Here’s a quick guide to running the ghost blog platform on a $25 Raspberry Pi.
Ghost is a new piece of blog software, currently under development which was recently funded by a Kickstarter campaign. Ghost is a completely new blog platform which aims to concentrate on writing and has a really nice minimal, instantly updating theme.
Ghost uses node.js (a new one on me) and can run on the Raspberry Pi computer. So I thought I’d put together a few instructions based on my trial and error. You need to be a Kickstarter backer to download the code, although this will be released fairly soon.
This assumes you’re running the latest raspbian build.
First Install node.js:
sudo wget http://nodejs.org/dist/v0.10.5/node-v0.10.5-linux-arm-pi.tar.gz
sudo tar xvzf ~/node-v0.10.5-linux-arm-pi.tar.gz --strip=1
(this should display the version number to test things are working ok)
then install ghost:
For the next step download and install ghost-0.3.0 from the ghost website – at the moment you need to be a kickstarter backer – log into the Ghost website, and download ghost-0.3.0.zip onto your Pi.
sudo npm install --production
sudo npm start
(go and make a cup of tea, this takes a while)
Next open a browser on the pi and enter the address:
and all being well you should see an intro page!
The built in browsers on the pi are a bit slow for blogging (particularly if you’re accessing it via a VNC connection) so to speed things up you can access your Ghost blog over your local network:
In the /ghost directory edit the config.js file. You’ll need to know your Pi’s ip address – you can get this from running ifconfig – ideally you need to set up your Pi to have a static ip address –
sudo nano config.js
replace “host: ‘127.0.0.1’” with “host: ‘<your IP address>'” and “port: ‘2368’” to “port: ’80′”.

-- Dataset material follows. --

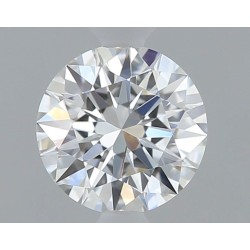 Diament szlif okrągły, 0.32ct, VVS1, G, GIA 5533651993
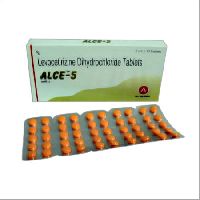 Levocetirizine Tablets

and then enter your Pi’s ip address onto another computer on your network – you should now see your Ghost blog!
If found it very occasionally slows down when setting up users, but once I started adding posts and images it worked really smoothly on the Pi. Having a window open with an SSH session is interesting to see the software updating as you edit and create posts on the blog.
First impressions? it’s very minimal, but the lack of distractions makes this feel like a very creative blog platform to use – it’s not going to compete with the likes of wordpress and drupal for building fully fledged CMS websites, but as an alternative to tumblr or blogger it has a lot of potential.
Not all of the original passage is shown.